Clashes based on religious exemptions are becoming common across the United States, and Barber cites a Volume 124 Article to explain the origins and consequences of the phenomenon. In Conscience Wars: Complicity-Based Conscience Claims in Religion and Politics, Douglas NeJaime and Reva Siegel distinguish RFRA free exercise claims from what they term “complicity-based conscience claims.” The latter of these claims arise when religious groups seek exemptions from laws related to sex and marriage by claiming that these laws infringe on their right to free exercise. NeJaime and Siegel argue that these claims inflict material and dignitary harm on other citizens, and may extend, rather than quell, conflict.

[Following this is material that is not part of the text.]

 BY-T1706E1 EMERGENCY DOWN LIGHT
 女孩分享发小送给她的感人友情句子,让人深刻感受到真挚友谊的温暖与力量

In Barber, Judge Carlton Reeves cited NeJaime and Siegel twice. First, in discussing the law’s defenders, he looked to this Article as support for the argument that legislation like Mississippi’s is increasingly common. Later, Judge Reeves used the Article to explain Mississippi’s underlying premise in passing this law: “[M]embers of some religious sects believe that any act which brings them into contact with same-sex marriage or same-sex relationships makes the believer complicit in the same-sex couples’ sin, in violation of the believer’s own exercise of religion.” NeJaime and Siegel provided the judge with background that supported his invalidation of Missippi’s law. As a result, Barber set a standard that prevents a legislature from discriminating against minority groups by affirmatively protecting complicity-based conscience claims.